[Start of Attachment]

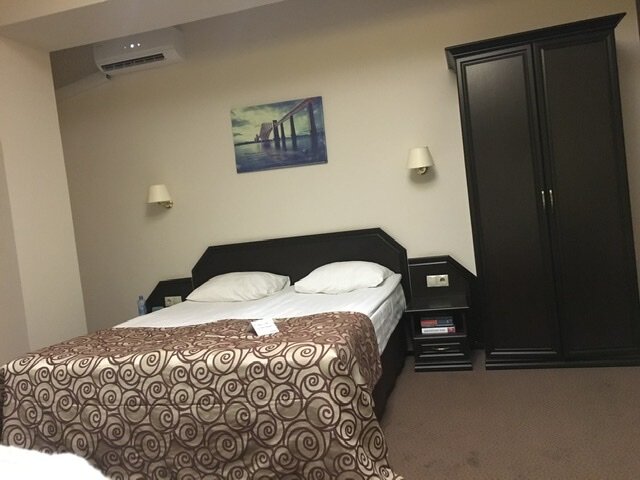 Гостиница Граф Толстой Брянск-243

[End of Attachment]
[Start of Attachment]

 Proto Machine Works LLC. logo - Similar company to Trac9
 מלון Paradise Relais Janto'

[End of Attachment]
[Start of Attachment]

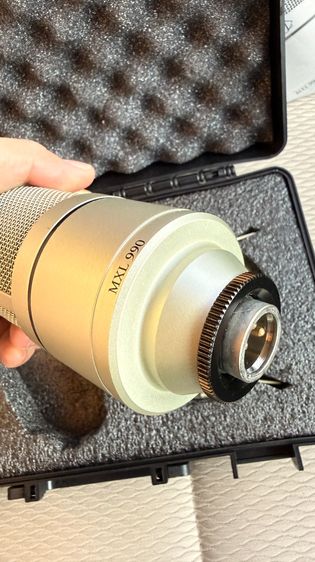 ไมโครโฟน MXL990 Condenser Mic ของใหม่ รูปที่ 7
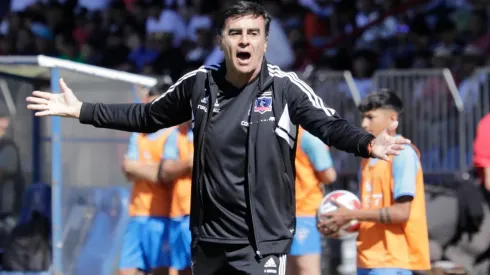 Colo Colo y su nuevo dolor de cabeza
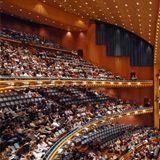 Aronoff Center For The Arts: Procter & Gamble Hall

[End of Attachment]

#### [Directions]
Those lines of the records above that run from the one containing "Colo Colo y su nuevo dolor de cabeza" through the one containing "Aronoff Center For" should be returned exactly, with no pictures among them.

#### [Your solution]
 Colo Colo y su nuevo dolor de cabeza
 Aronoff Center For The Arts: Procter & Gamble Hall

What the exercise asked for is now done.